Mas há uma razão para que eu mesmo não tenha esquecido do encontro com aquele senhor no museu, há uma razão para que decida contá-lo agora. Acho que o que me interessa na história não é tanto a figura renascida do meu avô, e sim certo pensamento sobre a finitude. Então é assim que as histórias acabam, é assim que as existências se dissipam. Passou-se meio século desde a sua morte, e neste momento já não resta quase nada desse homem que gerou o homem que me gerou. Sua vida tornou-se um breve parágrafo talhado de acontecimentos trágicos, e um vago diálogo de todo carente de palavras travado num navio incerto na década de cinquenta ou sessenta. Sobram apenas estas lucubrações imprecisas e talvez injustas que faço a seu respeito, se porventura esta página durar mais que um dia ou dois.

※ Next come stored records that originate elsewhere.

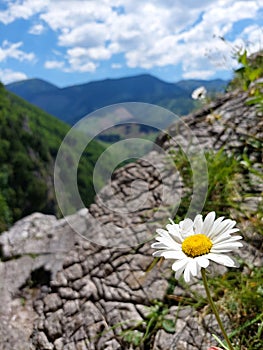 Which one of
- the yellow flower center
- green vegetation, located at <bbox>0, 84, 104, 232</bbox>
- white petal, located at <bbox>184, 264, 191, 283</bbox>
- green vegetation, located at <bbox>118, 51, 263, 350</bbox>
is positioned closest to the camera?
white petal, located at <bbox>184, 264, 191, 283</bbox>

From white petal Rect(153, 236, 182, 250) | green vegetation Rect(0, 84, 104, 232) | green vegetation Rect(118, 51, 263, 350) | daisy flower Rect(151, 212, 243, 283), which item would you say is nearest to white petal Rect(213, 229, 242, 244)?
daisy flower Rect(151, 212, 243, 283)

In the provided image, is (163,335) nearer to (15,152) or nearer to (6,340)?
(6,340)

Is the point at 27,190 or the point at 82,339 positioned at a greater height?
the point at 27,190

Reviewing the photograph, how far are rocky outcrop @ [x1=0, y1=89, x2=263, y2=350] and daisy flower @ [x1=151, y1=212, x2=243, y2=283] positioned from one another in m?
1.20

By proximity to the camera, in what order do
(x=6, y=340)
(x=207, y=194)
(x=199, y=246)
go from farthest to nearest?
1. (x=207, y=194)
2. (x=6, y=340)
3. (x=199, y=246)

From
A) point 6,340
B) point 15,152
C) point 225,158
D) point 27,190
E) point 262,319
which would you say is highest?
point 15,152

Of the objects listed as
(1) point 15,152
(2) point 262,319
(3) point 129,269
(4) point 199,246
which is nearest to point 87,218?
(3) point 129,269

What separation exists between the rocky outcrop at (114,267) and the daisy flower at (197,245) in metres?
1.20

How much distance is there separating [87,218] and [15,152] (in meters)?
81.0

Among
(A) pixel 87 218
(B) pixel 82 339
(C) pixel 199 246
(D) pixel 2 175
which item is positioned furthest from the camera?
(D) pixel 2 175

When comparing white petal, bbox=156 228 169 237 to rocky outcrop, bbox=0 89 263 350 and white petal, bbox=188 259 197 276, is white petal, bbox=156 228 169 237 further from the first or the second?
rocky outcrop, bbox=0 89 263 350

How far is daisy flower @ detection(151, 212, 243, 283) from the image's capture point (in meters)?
1.06

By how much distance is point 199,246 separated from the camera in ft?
3.70

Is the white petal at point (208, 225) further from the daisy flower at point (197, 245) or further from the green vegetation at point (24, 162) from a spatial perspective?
the green vegetation at point (24, 162) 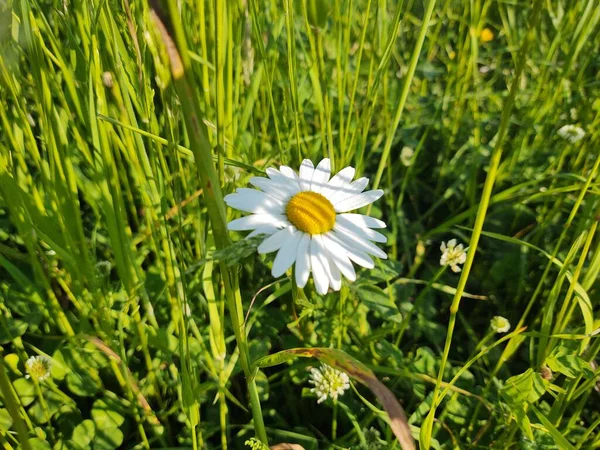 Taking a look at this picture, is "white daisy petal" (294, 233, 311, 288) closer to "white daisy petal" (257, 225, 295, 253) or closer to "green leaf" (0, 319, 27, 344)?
"white daisy petal" (257, 225, 295, 253)

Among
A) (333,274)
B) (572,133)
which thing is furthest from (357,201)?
(572,133)

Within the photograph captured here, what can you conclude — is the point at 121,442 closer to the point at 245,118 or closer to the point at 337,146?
the point at 245,118

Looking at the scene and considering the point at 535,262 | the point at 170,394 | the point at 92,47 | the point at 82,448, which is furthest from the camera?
the point at 535,262

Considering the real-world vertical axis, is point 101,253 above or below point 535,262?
above

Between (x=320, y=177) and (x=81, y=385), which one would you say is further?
(x=81, y=385)

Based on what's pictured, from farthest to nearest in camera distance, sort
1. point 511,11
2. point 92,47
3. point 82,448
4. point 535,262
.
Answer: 1. point 511,11
2. point 535,262
3. point 82,448
4. point 92,47

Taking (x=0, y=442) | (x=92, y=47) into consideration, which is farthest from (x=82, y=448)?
(x=92, y=47)

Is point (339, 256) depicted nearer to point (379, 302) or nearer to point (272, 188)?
point (272, 188)

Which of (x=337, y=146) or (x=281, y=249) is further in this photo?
(x=337, y=146) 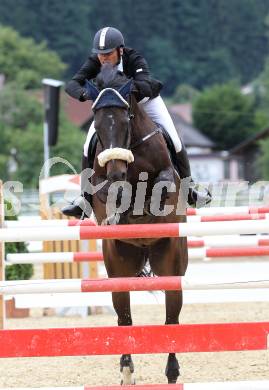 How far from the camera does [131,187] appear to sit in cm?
538

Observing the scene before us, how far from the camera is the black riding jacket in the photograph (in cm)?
541

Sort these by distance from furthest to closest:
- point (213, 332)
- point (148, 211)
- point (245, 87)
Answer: point (245, 87), point (148, 211), point (213, 332)

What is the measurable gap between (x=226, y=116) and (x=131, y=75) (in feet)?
248

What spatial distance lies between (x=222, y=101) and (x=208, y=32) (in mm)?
41743

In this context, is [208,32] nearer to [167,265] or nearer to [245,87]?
[245,87]

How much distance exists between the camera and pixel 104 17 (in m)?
116

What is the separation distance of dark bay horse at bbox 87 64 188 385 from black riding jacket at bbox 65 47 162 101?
0.09m

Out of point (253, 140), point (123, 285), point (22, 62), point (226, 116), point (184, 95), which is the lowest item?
point (123, 285)

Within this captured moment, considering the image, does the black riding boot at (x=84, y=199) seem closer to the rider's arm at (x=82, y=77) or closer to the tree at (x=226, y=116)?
the rider's arm at (x=82, y=77)

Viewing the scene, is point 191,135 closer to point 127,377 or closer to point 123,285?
point 127,377

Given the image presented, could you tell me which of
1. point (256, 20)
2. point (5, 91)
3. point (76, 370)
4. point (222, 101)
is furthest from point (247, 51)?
point (76, 370)

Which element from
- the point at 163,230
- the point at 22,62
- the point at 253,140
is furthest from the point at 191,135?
the point at 163,230

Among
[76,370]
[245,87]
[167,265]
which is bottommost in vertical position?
[76,370]

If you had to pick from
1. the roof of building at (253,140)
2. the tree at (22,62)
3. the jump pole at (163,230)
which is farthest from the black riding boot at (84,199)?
the tree at (22,62) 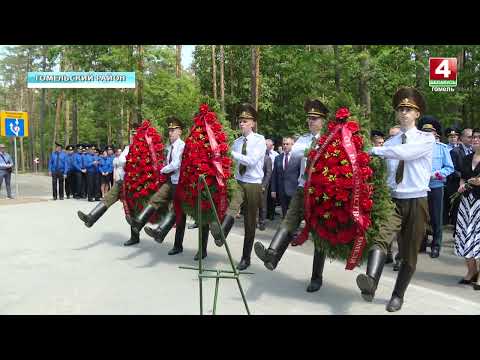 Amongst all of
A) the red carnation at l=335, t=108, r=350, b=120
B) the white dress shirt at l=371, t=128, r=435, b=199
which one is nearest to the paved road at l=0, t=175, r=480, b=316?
the white dress shirt at l=371, t=128, r=435, b=199

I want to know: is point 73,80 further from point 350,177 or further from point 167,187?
point 350,177

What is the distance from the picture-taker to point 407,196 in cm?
526

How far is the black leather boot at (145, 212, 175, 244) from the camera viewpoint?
7073 millimetres

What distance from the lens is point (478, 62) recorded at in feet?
79.4

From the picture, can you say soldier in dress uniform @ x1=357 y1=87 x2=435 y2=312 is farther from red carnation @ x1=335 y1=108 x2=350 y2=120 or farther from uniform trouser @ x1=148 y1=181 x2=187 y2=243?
uniform trouser @ x1=148 y1=181 x2=187 y2=243

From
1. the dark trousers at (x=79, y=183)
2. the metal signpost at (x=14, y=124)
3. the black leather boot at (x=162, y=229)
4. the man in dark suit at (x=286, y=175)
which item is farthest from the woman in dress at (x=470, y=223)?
the metal signpost at (x=14, y=124)

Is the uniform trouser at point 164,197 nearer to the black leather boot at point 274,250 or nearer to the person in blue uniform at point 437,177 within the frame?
the black leather boot at point 274,250

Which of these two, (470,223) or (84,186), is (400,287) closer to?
(470,223)

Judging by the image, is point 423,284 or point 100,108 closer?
point 423,284

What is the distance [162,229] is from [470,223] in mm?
4081

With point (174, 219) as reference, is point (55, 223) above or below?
below

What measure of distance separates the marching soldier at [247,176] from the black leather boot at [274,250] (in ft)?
4.73

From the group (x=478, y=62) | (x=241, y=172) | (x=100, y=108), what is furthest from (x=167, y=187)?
(x=100, y=108)

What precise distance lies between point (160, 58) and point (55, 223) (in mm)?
19395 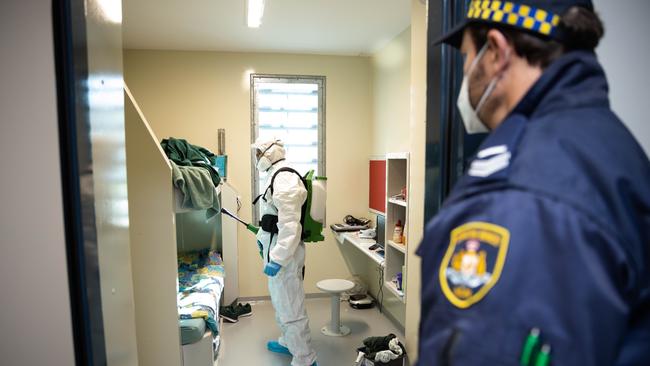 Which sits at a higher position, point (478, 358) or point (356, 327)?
point (478, 358)

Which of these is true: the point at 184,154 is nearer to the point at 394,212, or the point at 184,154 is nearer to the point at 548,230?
the point at 394,212

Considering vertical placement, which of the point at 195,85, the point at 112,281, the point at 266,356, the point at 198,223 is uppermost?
the point at 195,85

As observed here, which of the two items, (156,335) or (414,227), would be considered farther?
(156,335)

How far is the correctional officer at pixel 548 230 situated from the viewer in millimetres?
418

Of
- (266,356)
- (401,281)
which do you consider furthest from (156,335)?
(401,281)

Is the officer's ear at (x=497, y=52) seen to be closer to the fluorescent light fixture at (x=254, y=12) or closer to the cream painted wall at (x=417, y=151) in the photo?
the cream painted wall at (x=417, y=151)

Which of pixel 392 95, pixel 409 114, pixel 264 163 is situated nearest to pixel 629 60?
pixel 409 114

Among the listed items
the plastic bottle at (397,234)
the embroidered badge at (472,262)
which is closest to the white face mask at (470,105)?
the embroidered badge at (472,262)

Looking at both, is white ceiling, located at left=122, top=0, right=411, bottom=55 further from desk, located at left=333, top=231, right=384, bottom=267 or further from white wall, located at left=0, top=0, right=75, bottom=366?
white wall, located at left=0, top=0, right=75, bottom=366

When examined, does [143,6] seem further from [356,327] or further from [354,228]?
[356,327]

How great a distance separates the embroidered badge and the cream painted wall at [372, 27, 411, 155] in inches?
111

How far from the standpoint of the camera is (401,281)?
2.77m

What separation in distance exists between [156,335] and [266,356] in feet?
4.07

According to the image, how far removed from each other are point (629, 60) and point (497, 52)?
20.7 inches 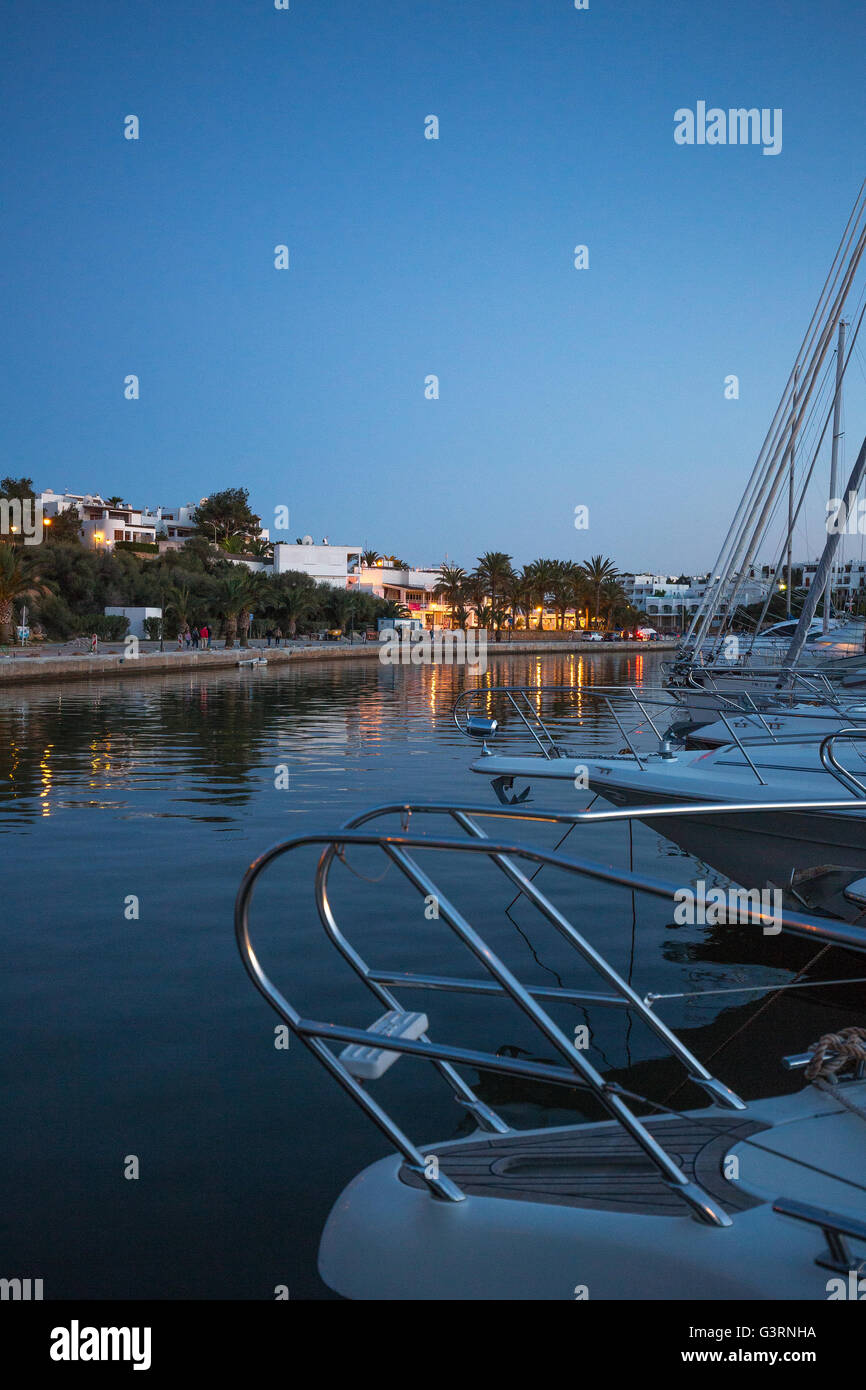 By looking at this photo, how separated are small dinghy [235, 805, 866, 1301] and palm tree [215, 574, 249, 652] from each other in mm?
63771

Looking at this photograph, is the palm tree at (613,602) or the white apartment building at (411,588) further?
the palm tree at (613,602)

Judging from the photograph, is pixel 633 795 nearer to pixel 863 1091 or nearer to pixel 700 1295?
pixel 863 1091

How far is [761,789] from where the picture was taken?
8164mm

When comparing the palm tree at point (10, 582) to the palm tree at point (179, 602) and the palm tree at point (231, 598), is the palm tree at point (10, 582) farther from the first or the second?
the palm tree at point (231, 598)

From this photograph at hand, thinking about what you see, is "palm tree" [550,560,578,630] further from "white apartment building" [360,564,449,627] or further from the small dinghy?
the small dinghy

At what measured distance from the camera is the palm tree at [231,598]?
6688cm

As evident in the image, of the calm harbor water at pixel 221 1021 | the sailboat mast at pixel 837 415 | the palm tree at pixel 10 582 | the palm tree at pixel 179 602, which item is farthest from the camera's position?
the palm tree at pixel 179 602

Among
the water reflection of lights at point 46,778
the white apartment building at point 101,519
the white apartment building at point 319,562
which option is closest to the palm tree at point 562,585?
the white apartment building at point 319,562

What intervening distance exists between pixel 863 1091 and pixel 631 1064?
200 centimetres

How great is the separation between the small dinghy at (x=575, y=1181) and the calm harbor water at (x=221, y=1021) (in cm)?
54

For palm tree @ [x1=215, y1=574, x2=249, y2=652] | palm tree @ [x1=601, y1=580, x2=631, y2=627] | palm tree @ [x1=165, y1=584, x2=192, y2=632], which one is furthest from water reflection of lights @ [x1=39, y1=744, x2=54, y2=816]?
palm tree @ [x1=601, y1=580, x2=631, y2=627]

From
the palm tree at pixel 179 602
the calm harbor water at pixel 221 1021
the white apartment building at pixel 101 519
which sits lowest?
the calm harbor water at pixel 221 1021

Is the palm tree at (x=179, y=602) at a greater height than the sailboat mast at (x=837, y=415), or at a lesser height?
lesser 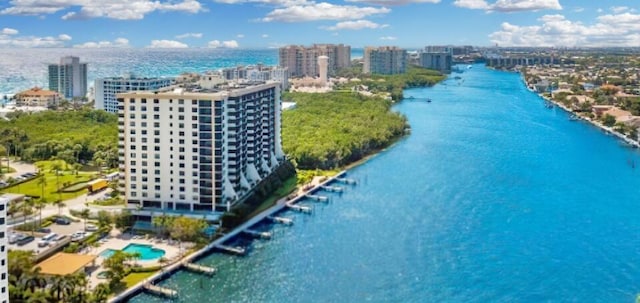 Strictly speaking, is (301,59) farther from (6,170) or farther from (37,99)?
(6,170)

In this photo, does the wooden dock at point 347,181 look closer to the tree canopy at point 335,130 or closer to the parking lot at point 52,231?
the tree canopy at point 335,130

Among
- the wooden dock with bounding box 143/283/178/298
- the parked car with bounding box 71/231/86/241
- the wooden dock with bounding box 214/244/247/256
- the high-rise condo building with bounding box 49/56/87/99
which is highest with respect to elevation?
the high-rise condo building with bounding box 49/56/87/99

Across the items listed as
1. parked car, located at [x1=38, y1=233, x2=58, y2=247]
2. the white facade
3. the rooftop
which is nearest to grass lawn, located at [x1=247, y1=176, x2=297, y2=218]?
parked car, located at [x1=38, y1=233, x2=58, y2=247]

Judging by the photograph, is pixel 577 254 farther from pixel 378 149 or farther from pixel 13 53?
pixel 13 53

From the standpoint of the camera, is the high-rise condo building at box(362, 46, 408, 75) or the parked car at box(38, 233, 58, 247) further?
the high-rise condo building at box(362, 46, 408, 75)

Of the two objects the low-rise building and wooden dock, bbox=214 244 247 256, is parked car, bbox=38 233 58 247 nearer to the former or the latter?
wooden dock, bbox=214 244 247 256

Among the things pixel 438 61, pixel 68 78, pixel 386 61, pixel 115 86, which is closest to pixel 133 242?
pixel 115 86

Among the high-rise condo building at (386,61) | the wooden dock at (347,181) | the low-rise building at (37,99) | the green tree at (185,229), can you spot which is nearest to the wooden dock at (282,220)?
the green tree at (185,229)

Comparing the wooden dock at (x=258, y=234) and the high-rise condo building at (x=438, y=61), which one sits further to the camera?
the high-rise condo building at (x=438, y=61) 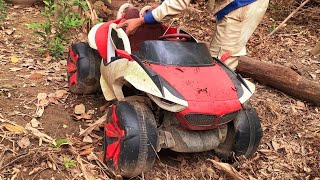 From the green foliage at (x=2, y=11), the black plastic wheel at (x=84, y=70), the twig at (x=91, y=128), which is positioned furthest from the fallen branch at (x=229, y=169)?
the green foliage at (x=2, y=11)

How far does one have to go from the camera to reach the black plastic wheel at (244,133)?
11.6 feet

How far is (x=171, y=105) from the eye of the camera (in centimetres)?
312

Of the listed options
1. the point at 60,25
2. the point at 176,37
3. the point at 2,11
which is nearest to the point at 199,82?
the point at 176,37

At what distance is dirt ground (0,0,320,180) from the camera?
129 inches

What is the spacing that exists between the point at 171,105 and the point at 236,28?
149cm

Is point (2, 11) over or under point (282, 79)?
under

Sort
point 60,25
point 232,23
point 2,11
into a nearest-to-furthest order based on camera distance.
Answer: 1. point 232,23
2. point 60,25
3. point 2,11

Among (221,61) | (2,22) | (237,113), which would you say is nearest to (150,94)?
(237,113)

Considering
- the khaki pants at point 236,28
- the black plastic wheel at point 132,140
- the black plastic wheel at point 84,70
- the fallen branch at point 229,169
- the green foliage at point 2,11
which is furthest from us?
the green foliage at point 2,11

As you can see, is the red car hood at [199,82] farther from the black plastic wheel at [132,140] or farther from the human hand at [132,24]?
the human hand at [132,24]

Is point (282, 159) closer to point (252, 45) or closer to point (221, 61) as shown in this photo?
point (221, 61)

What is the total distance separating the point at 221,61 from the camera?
389cm

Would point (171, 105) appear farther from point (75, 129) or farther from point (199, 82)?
→ point (75, 129)

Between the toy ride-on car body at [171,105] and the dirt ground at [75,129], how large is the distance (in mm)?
267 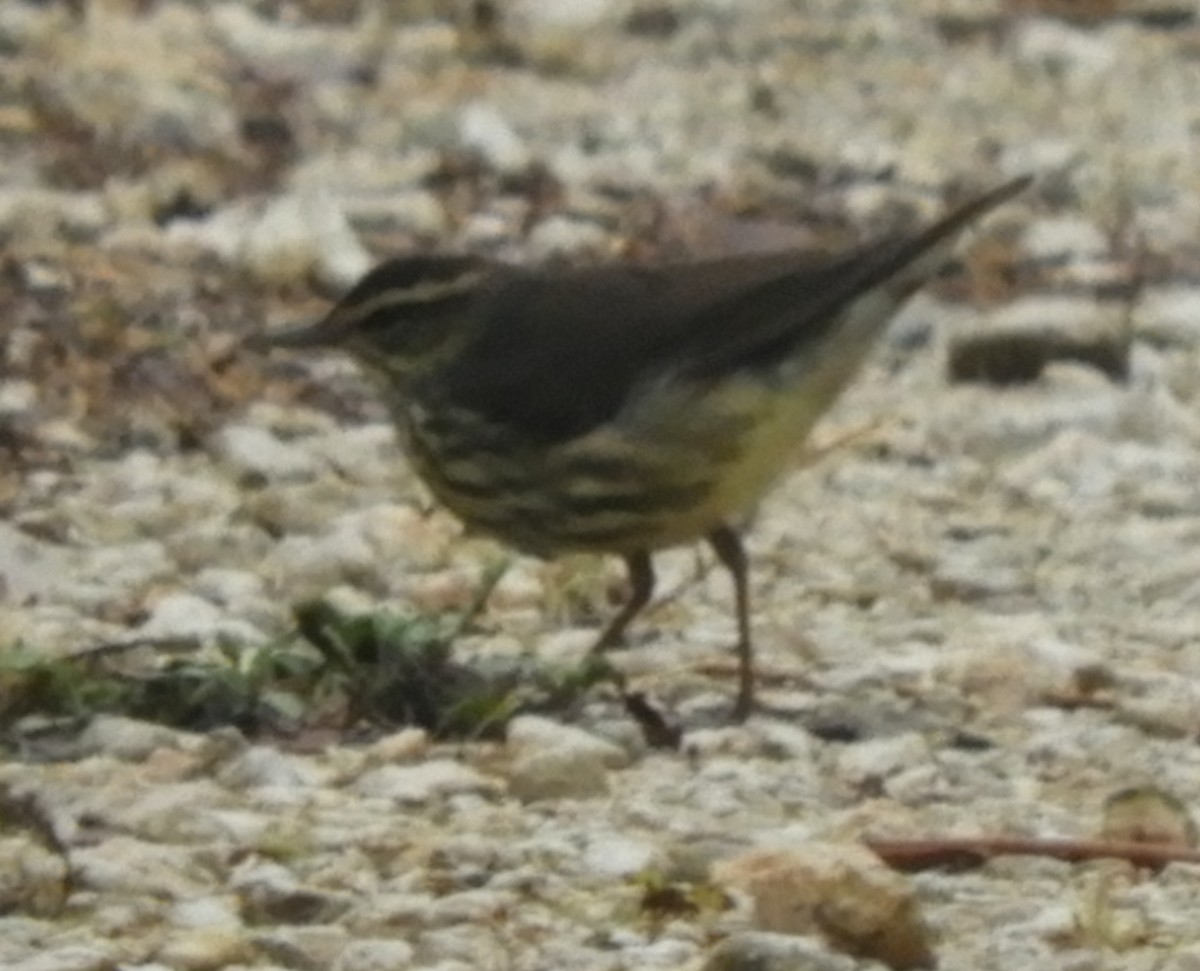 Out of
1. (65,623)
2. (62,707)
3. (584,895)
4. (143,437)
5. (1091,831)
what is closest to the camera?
(584,895)

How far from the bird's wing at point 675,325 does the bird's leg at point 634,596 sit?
285 millimetres

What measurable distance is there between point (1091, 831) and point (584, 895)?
881 millimetres

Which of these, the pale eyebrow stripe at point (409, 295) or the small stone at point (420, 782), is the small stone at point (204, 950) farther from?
the pale eyebrow stripe at point (409, 295)

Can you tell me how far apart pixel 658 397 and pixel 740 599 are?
449mm

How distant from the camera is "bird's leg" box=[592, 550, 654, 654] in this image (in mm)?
8078

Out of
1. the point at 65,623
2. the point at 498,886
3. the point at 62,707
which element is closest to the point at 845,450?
the point at 65,623

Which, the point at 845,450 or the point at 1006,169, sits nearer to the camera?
the point at 845,450

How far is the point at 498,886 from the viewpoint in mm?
6387

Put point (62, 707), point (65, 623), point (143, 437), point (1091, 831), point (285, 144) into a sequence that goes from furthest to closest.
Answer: point (285, 144), point (143, 437), point (65, 623), point (62, 707), point (1091, 831)

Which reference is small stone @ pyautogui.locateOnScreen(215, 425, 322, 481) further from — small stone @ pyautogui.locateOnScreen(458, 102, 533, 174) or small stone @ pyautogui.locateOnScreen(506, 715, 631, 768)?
small stone @ pyautogui.locateOnScreen(458, 102, 533, 174)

Nada mais, em pouco tempo ele não será mais nada, não haverá dele nenhuma memória direta ou indireta, como também não resta nada de seus pais, meus bisavós, cinzas misturadas às cinzas de um milhão de outros, em Auschwitz. Vou me preparando para contar essa história às minhas filhas, mas por ora brincamos mais com outras coisas. Conto que a família vem da Transilvânia, e que portanto somos parte de uma linhagem de vampiros, e elas riem do desatino do pai. Enquanto o digo, não esqueço que vampiros são imortais, e que talvez haja nessa fantasia algum desejo de perdurar, algum desejo de que outros tivessem perdurado.
Isso tudo soa um tanto melancólico, posso notar, mas não é só isso o que sinto diante dessa história de fins súbitos ou demorados. Acho que me sinto estranhamente mais livre quando esses pensamentos me visitam, quando adquiro uma consciência mais aguda da finitude. Que estejamos neste mundo por um tempo restrito, que tudo vá se apagar cedo ou tarde, é um detalhe bastante favorável à vida, à ousadia, à liberdade. É o que nos permite brincar mais tranquilamente com o tempo e suas palavras e seus acasos.